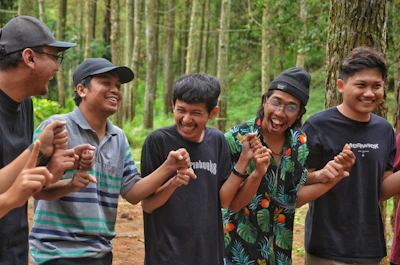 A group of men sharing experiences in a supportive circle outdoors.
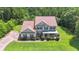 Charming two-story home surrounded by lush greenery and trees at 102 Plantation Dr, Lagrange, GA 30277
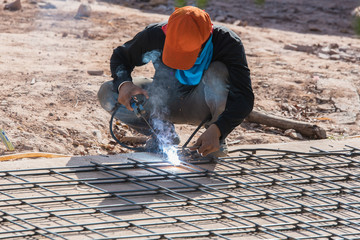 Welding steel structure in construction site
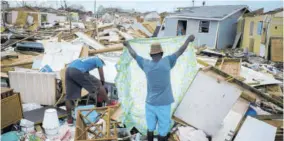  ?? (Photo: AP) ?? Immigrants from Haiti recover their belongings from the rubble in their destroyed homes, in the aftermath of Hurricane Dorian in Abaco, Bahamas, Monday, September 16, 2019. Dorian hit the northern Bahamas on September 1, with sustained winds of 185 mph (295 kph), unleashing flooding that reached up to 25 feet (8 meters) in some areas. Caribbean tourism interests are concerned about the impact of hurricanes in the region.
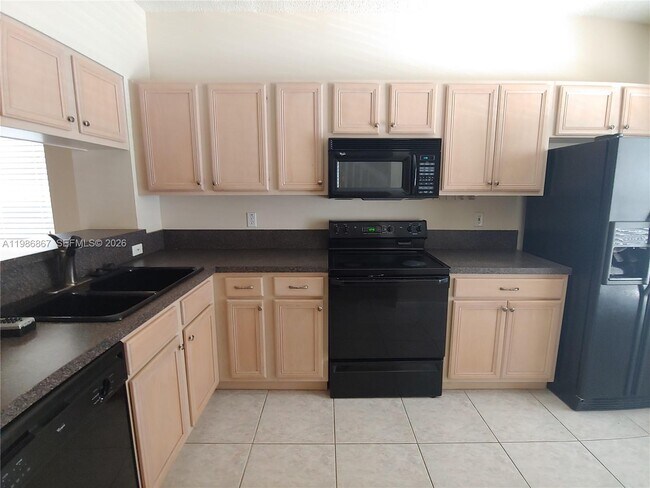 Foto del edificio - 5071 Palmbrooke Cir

--*--

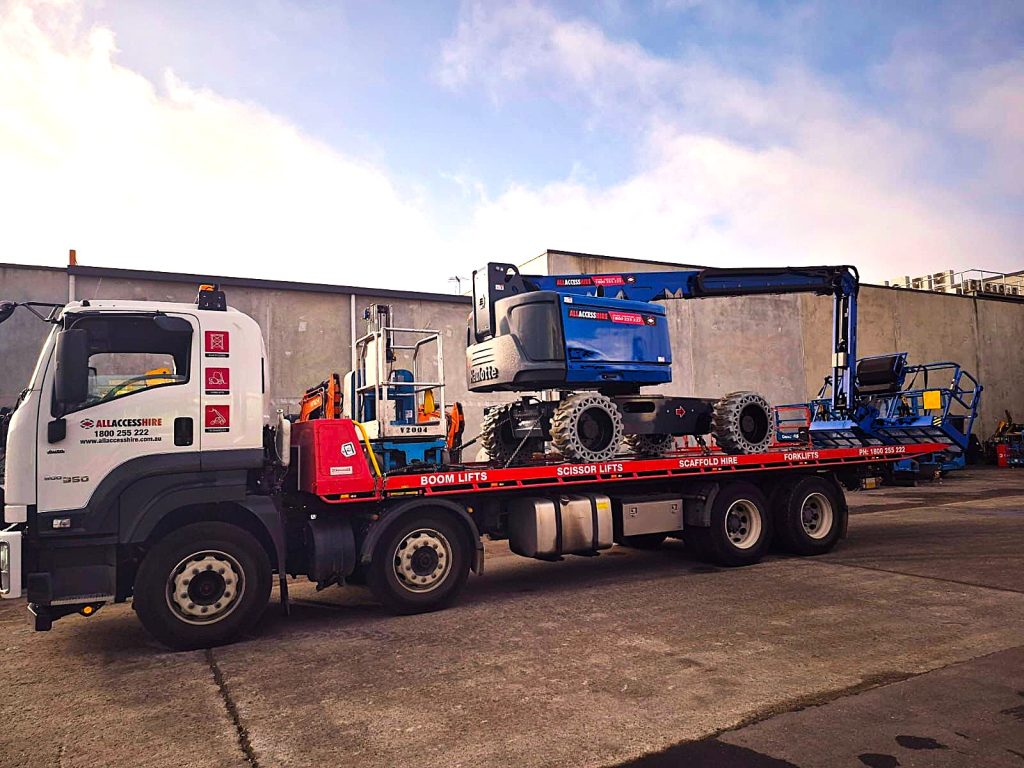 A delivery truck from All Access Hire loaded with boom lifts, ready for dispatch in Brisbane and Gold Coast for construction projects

--*--

Take the entries above and copy exactly the lines starting at the one with "A group of men" and ending at the one with "Foto del edificio - 5071 Palmbrooke Cir"; nothing outside that span, and no pictures.

 A group of men sharing experiences in a supportive circle outdoors.
 Charming two-story home surrounded by lush greenery and trees at 102 Plantation Dr, Lagrange, GA 30277
 Welding steel structure in construction site
  ?? (Photo: AP) ?? Immigrants from Haiti recover their belongings from the rubble in their destroyed homes, in the aftermath of Hurricane Dorian in Abaco, Bahamas, Monday, September 16, 2019. Dorian hit the northern Bahamas on September 1, with sustained winds of 185 mph (295 kph), unleashing flooding that reached up to 25 feet (8 meters) in some areas. Caribbean tourism interests are concerned about the impact of hurricanes in the region.
 Foto del edificio - 5071 Palmbrooke Cir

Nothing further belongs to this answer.